The second model, the Expert, is a 10-class classifier trained exclusively on in-domain images. It never sees out-of-domain data during training, so its knowledge is intentionally narrow. When the Bodyguard determines an image is out-of-domain, the Expert is skipped entirely and the system returns a random class prediction, ensuring out-of-domain accuracy converges to approximately 10%.
Both models are built on the ResNet-18 architecture, trained from scratch without any pretrained weights, as required by the assignment constraints.
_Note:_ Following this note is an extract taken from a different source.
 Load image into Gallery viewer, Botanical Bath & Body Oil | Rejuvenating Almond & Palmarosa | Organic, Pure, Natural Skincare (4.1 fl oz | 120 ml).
Finding the Right Training Settings
We ran a grid of experiments to determine the best optimizer and weight decay for each model, training each configuration for 128 epochs with a learning rate of 0.01 and a CosineAnnealingLR scheduler.
Table 1: Expert Model Accuracy under Various Optimizers and Weight Decay Values
| Optimizer | Weight Decay (λ) | In-Domain Accuracy (%) | OoD Accuracy (%) |
|---|---|---|---|
| SGD | 0.001 | 54.25 | 39.99 |
| SGD | 0.01 | 53.96 | 38.10 |
| SGD | 0.1 | 53.81 | 36.77 |
| SGD | 0.5 | 14.45 | 11.36 |
| AdamW | 0.001 | 55.33 | 41.29 |
| AdamW | 0.01 | 55.91 | 38.04 |
| AdamW | 0.1 | 56.79 | 38.09 |
| AdamW | 0.5 | 52.85 | 33.90 |
AdamW with weight decay 0.1 gave the best in-domain accuracy and was selected for the Expert model.
Table 2: Effect of Learning Rate Scheduler on Expert Model Accuracy
| Scheduler | In-Domain Accuracy (%) | OoD Accuracy (%) |
|---|---|---|
| None | 45.26 | 31.06 |
| CosineAnnealingLR | 57.98 | 41.41 |
Adding the CosineAnnealingLR scheduler increased in-domain accuracy by over 12 percentage points, confirming its necessity at high epoch counts.
Table 3: Bodyguard (OOD Detector) Accuracy under Various Optimizers and Weight Decay Values
| Optimizer | Weight Decay (λ) | Accuracy (%) |
|---|---|---|
| SGD | 0.001 | 67.82 |
| SGD | 0.01 | 64.44 |
| SGD | 0.1 | 60.92 |
| SGD | 0.5 | 56.47 |
| AdamW | 0.001 | 65.46 |
| AdamW | 0.01 | 68.18 |
| AdamW | 0.1 | 65.05 |
| AdamW | 0.5 | 56.47 |
AdamW with weight decay 0.01 gave the highest domain detection accuracy for the Bodyguard model.
Combining the Models
With both models trained, we introduced a confidence threshold for the Bodyguard. Rather than taking its raw argmax prediction, we only treat an image as in-domain if the Bodyguard's softmax probability exceeds the threshold. This prevents the Bodyguard from misclassifying borderline out-of-domain images and accidentally routing them to the Expert.
We tested threshold values from 0 to 0.18. The charts below show the effect on both accuracy curves as the threshold increases. A threshold around 0.06 to 0.08 struck the best balance, cutting out-of-domain accuracy by roughly 9 percentage points while reducing in-domain accuracy by only 4. We settled on a final threshold of 0.07.

Left: In-Domain accuracy decreases gradually as the threshold rises. Right: Out-of-Domain accuracy drops much faster, which is the desired behavior.
Final Results
| In-Domain Accuracy (%) | Out-of-Domain Accuracy (%) |
|---|---|
| 52.263 | 27.030 |
The combined pipeline achieves solid in-domain classification while keeping out-of-domain accuracy well below 30%, far from the 50%+ that a neutral model would produce on the same data.